I honestly feel I do so much for my girls, hosted birthday parties, friends around whenever, I talk with them about their worries, surprise trips and treats. Feels like a kick in the teeth. I thought I was ‘one of those good mums’ the type my girls would want me around. I know it's a normal transition they want to be independent but this has hurt me.

DD says she now feels bad and said I can come, but I don't want to be there out of her pity or trying to please me. Feeling sad.😩

In a few years she'll be slamming doors in your face and telling you how she hates you and that you've ruined her life.

Wouldn't worry OP, it's all down hill from here.

theduchessoftintagel · 17/07/2025 10:21

My ten year old says I'm embarrassing all the time, I've never thought much of it apart from to think it's quite amusing. I tend to blend into the background at school events so I have no idea why, I'm certainly my not loudly chatting to her ex friends. I think you need to accept it's a thing at this age and crack on anyway if you want to go along, she'll just have to deal with it!

Orderofthephoenixparody · 17/07/2025 10:21

Doteycat · 17/07/2025 10:16

What an admission to make.
Have you sought therapy? You probably should.
You know thats fucked up ya?

Are you a helicopter parent?

Isittimeformynapyet · 17/07/2025 10:22

randomchap · 17/07/2025 08:50

Has she explained why?
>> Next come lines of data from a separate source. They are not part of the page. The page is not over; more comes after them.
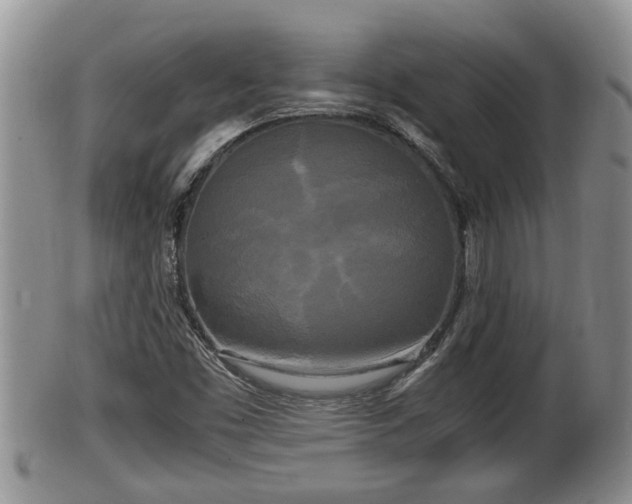 X0000102301453200808011528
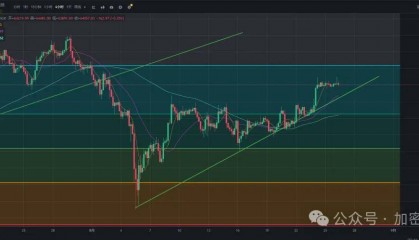 BTC能否继续维持上涨趋势？币安DOGS今晚八点上线，来波价格预估！
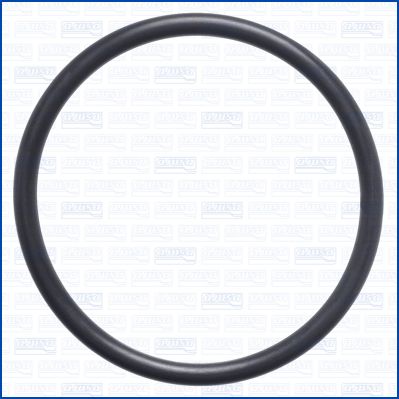 Junta anular, manguera de admisión (caja de filtro de aire)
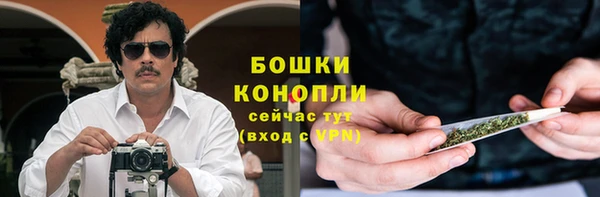 гашик Нефтекумск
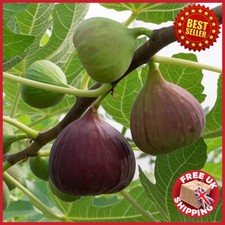 3L Fig 'Brown Turkey' Standard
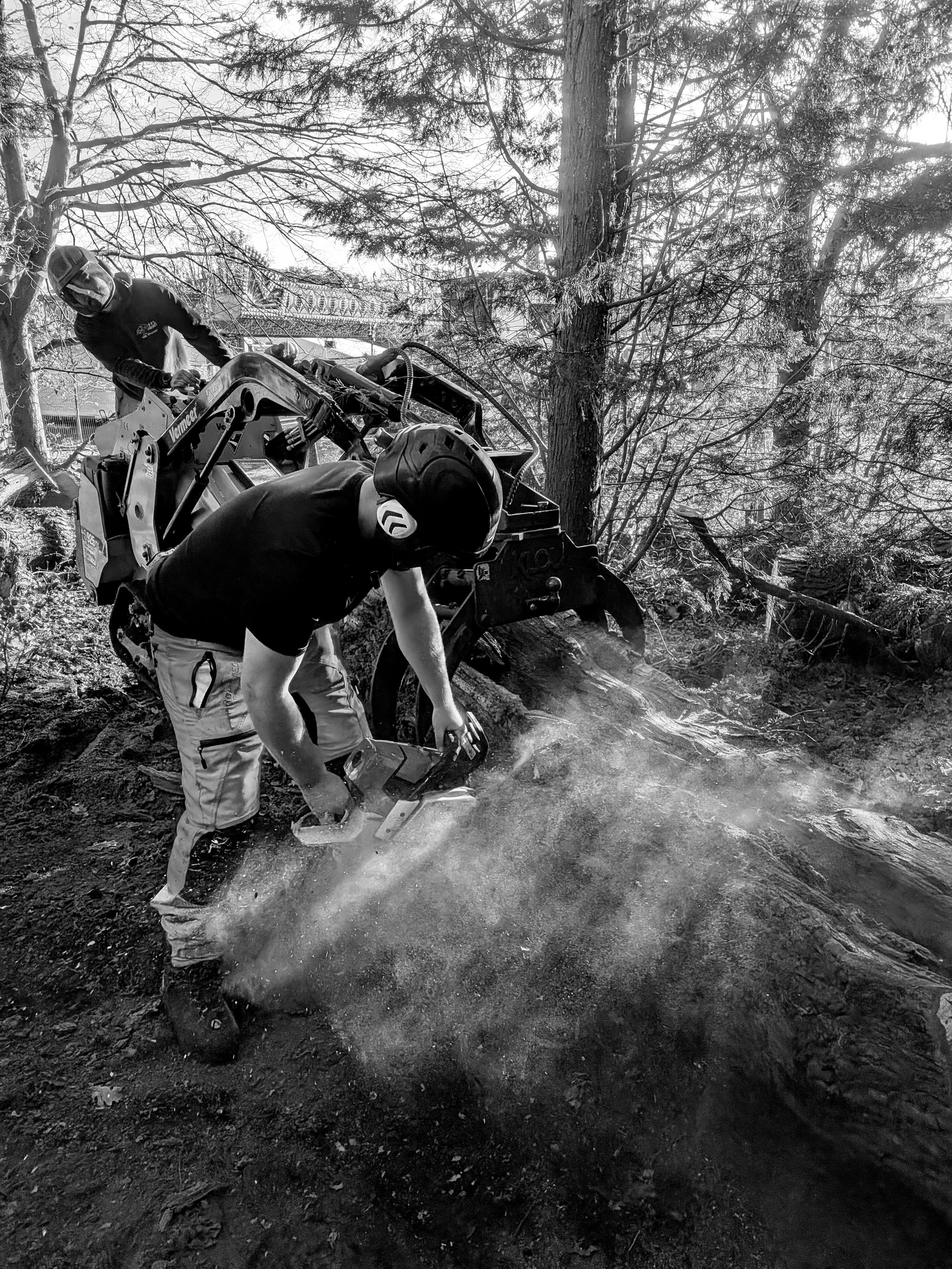 Two workers cutting through a large log with a chainsaw outdoors, with trees and branches around them.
And have you listened to her?

From the OP which presumably you've just read:

"I think she was taken aback by my shock and upset so hasn't really given an answer as to why."

Ladamesansmerci · 17/07/2025 10:23

It's a normal part of growing up, but that doesn't mean she needs to say it out loud, and it's fine to express to her that it hurt your feelings. You can also still say her you're proud of her for growing up and wanting independence, but you can ask her to express it in a kinder way e.g. 'would you mind if I went to this event alone mum, I want to spend time with my friends by myself'.

Orderofthephoenixparody · 17/07/2025 10:23

GoldDuster · 17/07/2025 10:18

You might not have that particular problem.

You're absolutely right he hasn't hit puberty yet. For now he is good but secondary could change all of that.

Doteycat · 17/07/2025 10:24

Orderofthephoenixparody · 17/07/2025 10:21

Are you a helicopter parent?

HAHAHAHAHA
Seriously.
You need help.

BeMellowAquaSquid · 17/07/2025 10:25

Doteycat · 17/07/2025 10:08

Yet here you are weaponising it.
And of course saying gosh no not me.
You are. Saying that to them IS weaponising it.

Well if that’s your opinion then I respect it and move on. I have a wonderful relationship with all my children, have just shown this to my 19 year old, she asked who made your cornflakes soggy? Gave me a hug said, god we was awful at times wasn’t we this is why you’re so grey. I slapped her arm in jest (I doubt she’ll call childlike). We laughed. I’m guessing she’s not too scarred.

WestwardHo1 · 17/07/2025 10:25

shellyleppard · 17/07/2025 09:22

Thats really horrible, I would cut back on the treats for a why. If she asks why just say how much you were hurt. That actions have consequences.....

My mum used to do stuff like this. Withdraw lifts, meals, affection etc if I'd displeased her in some way. Don't do this.

Orderofthephoenixparody · 17/07/2025 10:26

Doteycat · 17/07/2025 10:24

HAHAHAHAHA
Seriously.
You need help.

Is that how you talk to your mother?

Bobnobob · 17/07/2025 10:26

You’re doing the right thing OP. Your daughter should know what is and isn’t hurtful behaviour. Pretending it doesn’t bother you just gives her license to treat you and others like your feelings don’t matter in future.